Die Situation wurde seit dem Beitritt der
Neuwerber im Großen und Ganzen geduldet, es wurde zugeschaut, geschehen ist da
bis vor einiger Zeit nichts. Es gibt zwar die KIAB, eine Einsatzgruppe des
Finanzministeriums, aber die ist mit Garantie unterbesetzt. Die auf den
Baustellen befindlichen Einmannfirmenbetreiber sind offiziell legal da, auf den
ersten Blick zumindest. Es fehlt eine effektive Einsatzgruppe, die die
Verhältnisse vor Ort einer Klärung zuführen könnte.

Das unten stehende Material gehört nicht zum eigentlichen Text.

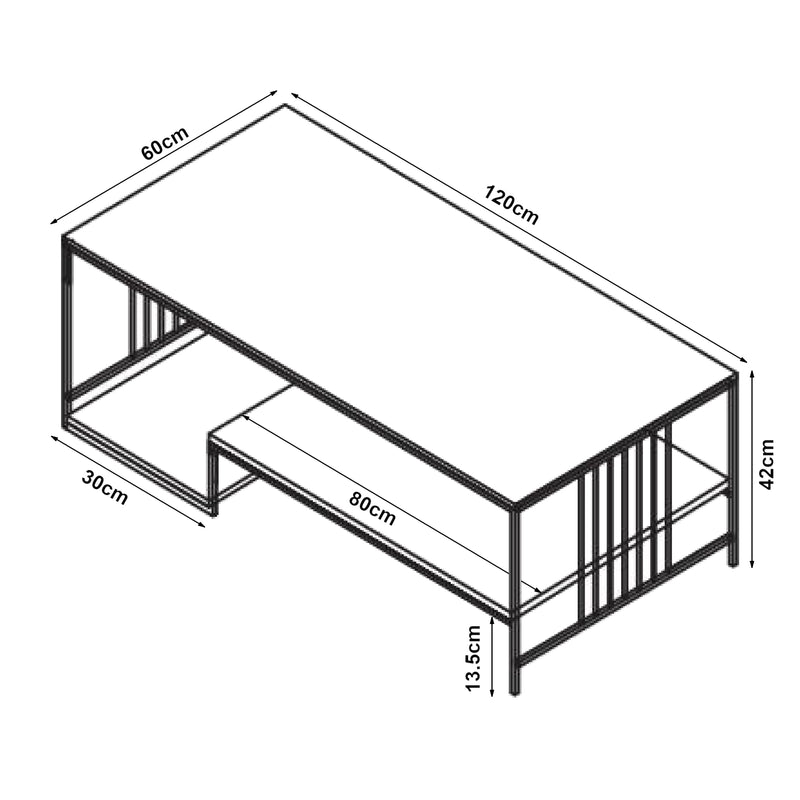 Maatschets Salontafel Klibro rechthoekig tafelblad met 2 legplanken 120x60x42 cm [en.casa]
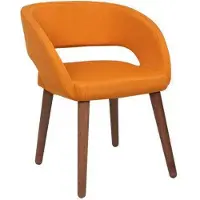 AEA Chaise de salle à manger orange Une place rembourrée Accoudoirs Chaises Chaise en bois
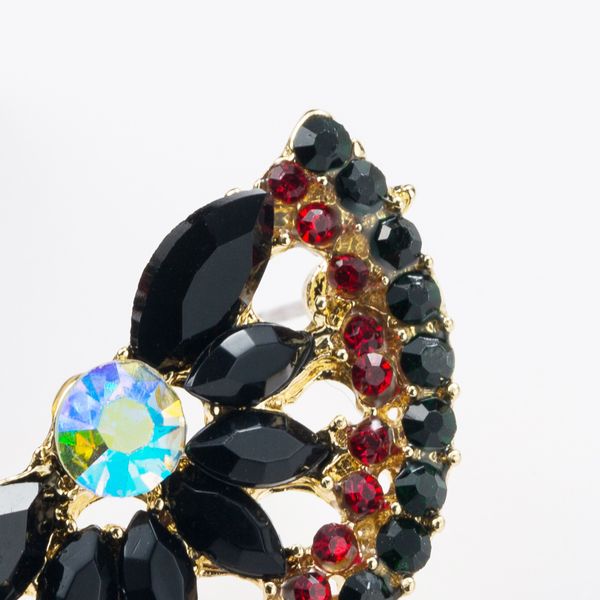 

fashion exaggerated semicircular acrylic diamond earrings female personalized earrings bohemian style, Golden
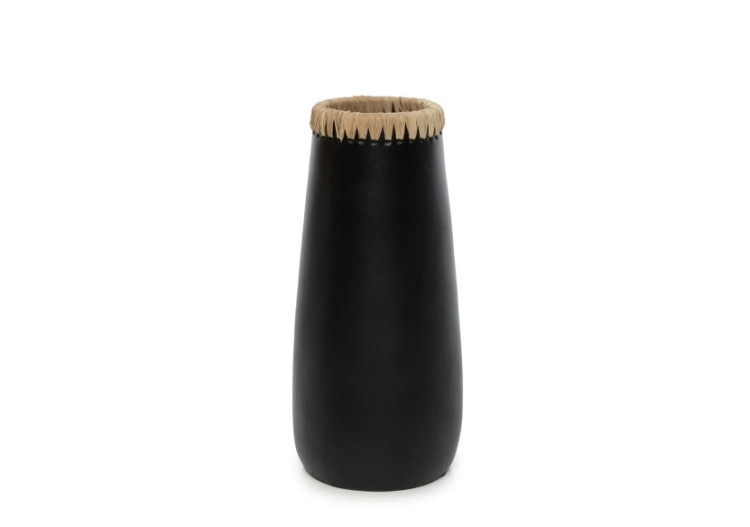 Vase Élégué SNEAKY - Noir Naturel - Taille L - JABR039BN-L - Bazar Bizar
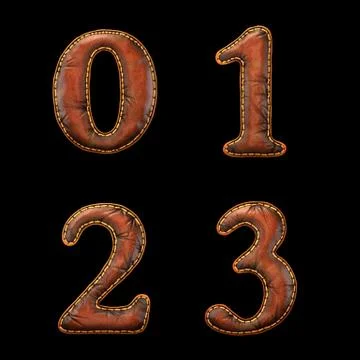 Set of numbers 0, 1, 2, 3 made of leather. 3D render font with skin texture Stock Illustration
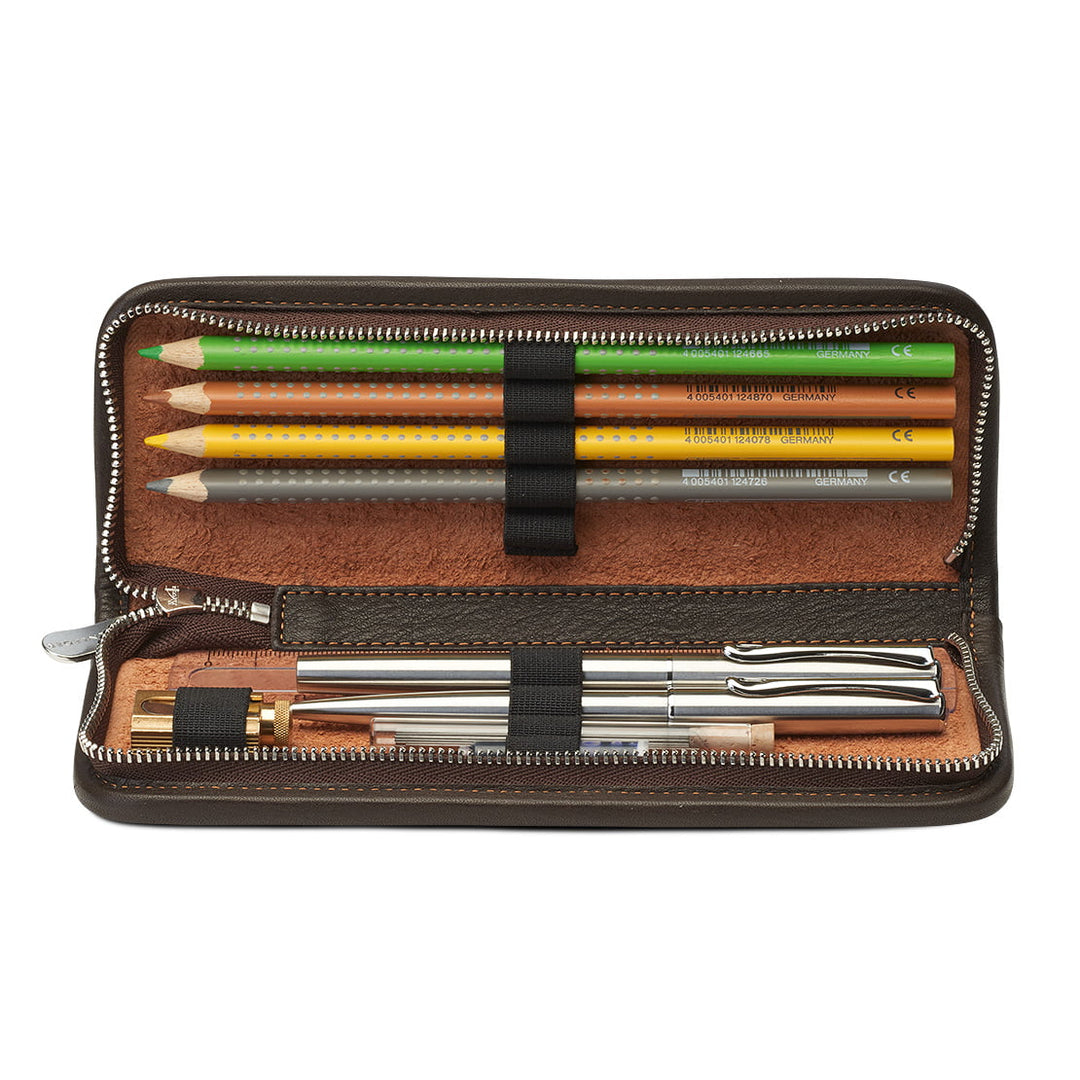 Interior view of the open Sonnenleder Lenz pencil case in Mocha Brown, showcasing the 9 secure loops, eraser loop, and a ruler inserted into the slot beneath the fountain pen loop.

Weiters: Die Behörden, egal welche,
nutzen ihre Möglichkeiten, aus welchen Gründen auch immer, zu wenig aus. Es
gibt die Tatsache, dass Firmenbucheintragungen von den zuständigen Gerichten
mit Sicherheit nicht genügend überprüft werden – vielleicht können sie sie auch
nicht überprüfen, aber das ist sicher der Fall –, doch in Zusammenarbeit mit
den Meldebehörden, zum Beispiel der Stadt Wien, wären Scheinanmeldungen von
zahlreichen Firmen – unter Anführungszeichen – in der gleichen Wohnung, wie
geschildert, sicherlich unmöglich. Auch Prüfungen der Finanzbehörden bei den
österreichischen Auftraggebern würden mit Garantie abschreckende Wirkung haben.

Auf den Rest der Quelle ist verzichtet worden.